In April, public student REITs essentially went extinct when private equity colossus Blackstone took American Campus Communities private in a $13 billion deal.
Blackstone’s Core+ perpetual capital vehicles – including Blackstone Real Estate Income Trust and Blackstone Property Partners – acquired ACC, the largest student housing owner, manager and developer in the U.S., in an all-cash transaction valued at approximately $12.8 billion, including the assumption of debt.
With ACC, Blackstone adds the No. 33 largest owner on the National Multifamily Housing Council’s list and its 35,441 units to its growing housing empire. ACC also gets capital “to invest in its existing assets and create much-needed new housing in university markets,” according to Jacob Werner, co-head of America's acquisitions for Blackstone Real Estate, in a company statement announcing the sale.
But the ramifications of this particular deal go beyond ACC and Blackstone. It shows the enormous buying power that private equity welds at this point in the real estate cycle while also highlighting the limitations of public REITs.
Blackstone’s empire grows
Blackstone's acquisition of ACC, which declined to comment for this story, continues its apartment buying spree. In 2021, the company’s non-traded REIT, BREIT, ranked as the No. 1 buyer of apartments with more than $10 billion in purchases, according to information shared with Multifamily Dive from MSCI Real Assets (formerly Real Capital Analytics) a New York-based firm that provides tools and services for the global investment community. But it didn’t stop there. Blackstone’s non-REIT buying activity came in second.
BREIT’s activity surpassed non-traded REITs, including Starwood’s SREIT vehicle, which came in No 3. In all, non-traded REITs bought a record $213.9 billion of U.S. apartment buildings last year, according to a new MSCI report.
With the amount these REITs raise, it’s necessary for them to invest as efficiently as possible.
“If I’m raising billions of dollars every month, it’s hard to go and buy buildings one at a time,” said Jim Costello, head of real estate economics at MSCI. “I’ve got too much coming in the door. I can’t deploy it effectively by buying a building in Cleveland and an industrial building in Philadelphia, for instance. The pace of that might not be enough to put the capital to work.”
If the first four months of the year are any indication, Blackstone will again be a top buyer in 2022. In addition to buying ACC, BREIT is slated to purchase Preferred Apartment Communities for $5.8 billion and Resource REIT for $3.7 billion.
But ACC, at $13 billion, is the largest prize so far.

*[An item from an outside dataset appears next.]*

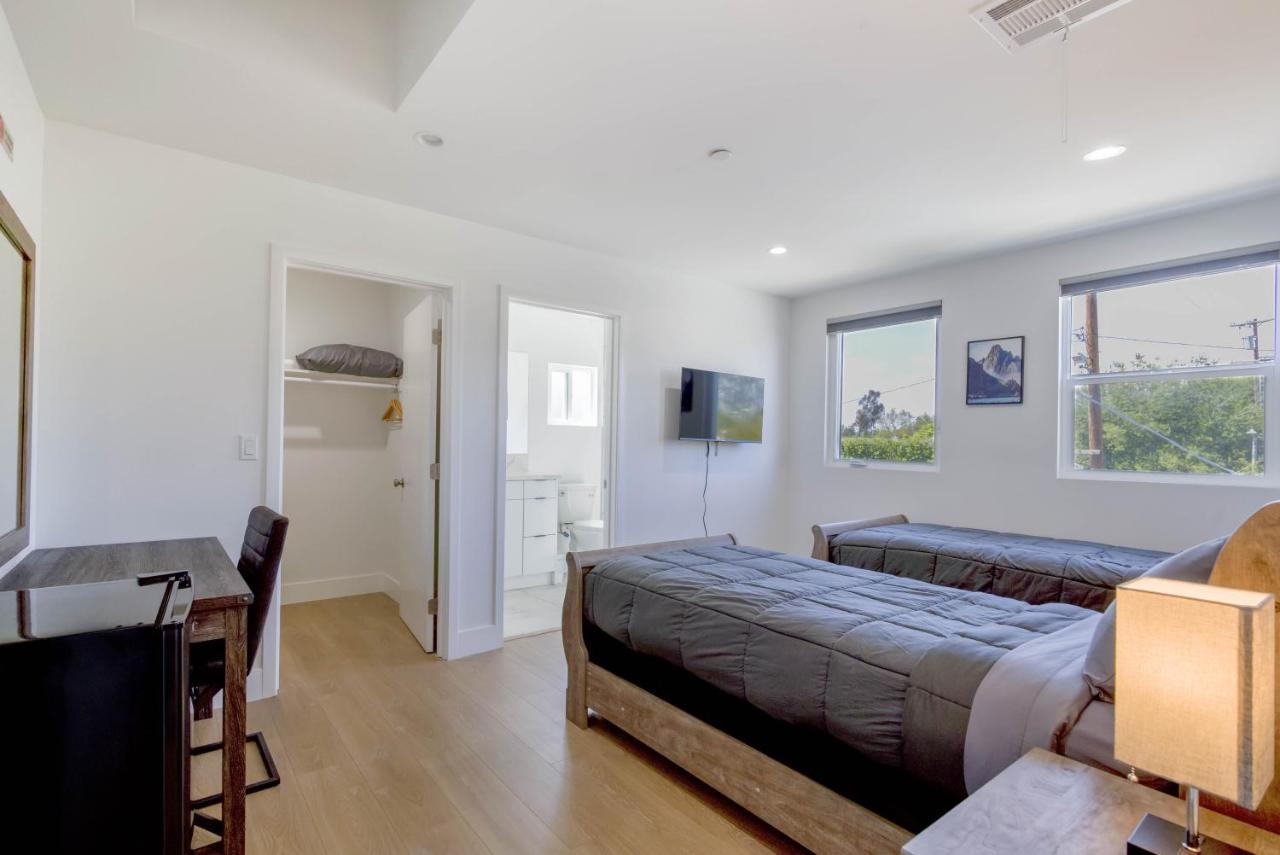 Modern Apartment In Studio City Лос-Анджелес Экстерьер фото
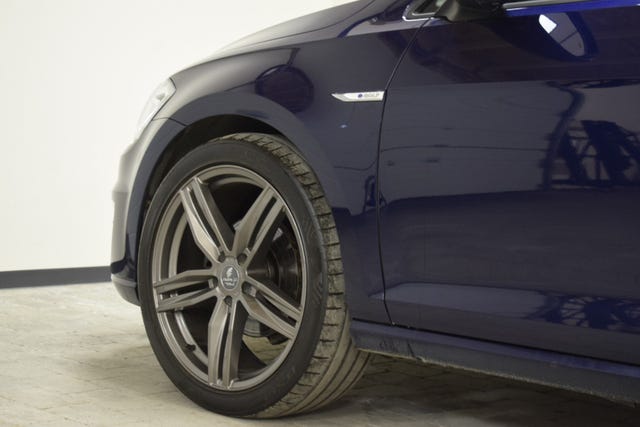 2019 VOLKSWAGEN GOLF - 20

“Student housing is a compelling sector due to growing enrollment at the top universities in the U.S. as well as a shortage of quality housing supply,” said a spokesperson from Blackstone in a statement supplied to Multifamily Dive. “This has led to strong and resilient performance throughout cycles.”
As Blackstone has grown, Costello said it has spawned imitators. “They’ve raised a bunch of money,” Costello said. “There are others who want to copy their success and try these multi-billion-dollar-a-month capital raises. There are a lot of folks trying to be active in that space now. They see the success."
With ACC’s exit, there are no longer any publicly traded student housing REITs. At one time, there were four. They were:
ACC, Memphis-based EdR (acquired by Greystar for $4.6 billion in 2018), Charlotte, North Carolina-based Campus Crest (acquired by Harrison Street for $1.9 billion in 2016) and Newton Square, Pennsylvania GMH Communities Trust (acquired by ACC for $1.4 billion in 2008).
“It [student housing] is a great industry and you certainly see a lot of capital flows to the private sector,” said Alexander Goldfarb, managing director, senior research analyst of REITs at Piper Sandler & Co. “Unfortunately for public companies, they haven’t had the best track record. Three of the four companies had issues and never really made it on the public market.”
As its three peers departed the public markets, ACC was the lone survivor, but this didn’t lead to increased investor emphasis. In fact, Goldfarb says it’s harder for smaller REITs that are the only public companies in their sector to get attention from investors.
“It's easy to not own it and own other stocks that give you similar performance,” Goldfarb said. “It just makes it harder for one-off REITs that are smaller in size, relative to the index, to get the attention they deserve. They just have to perform better.”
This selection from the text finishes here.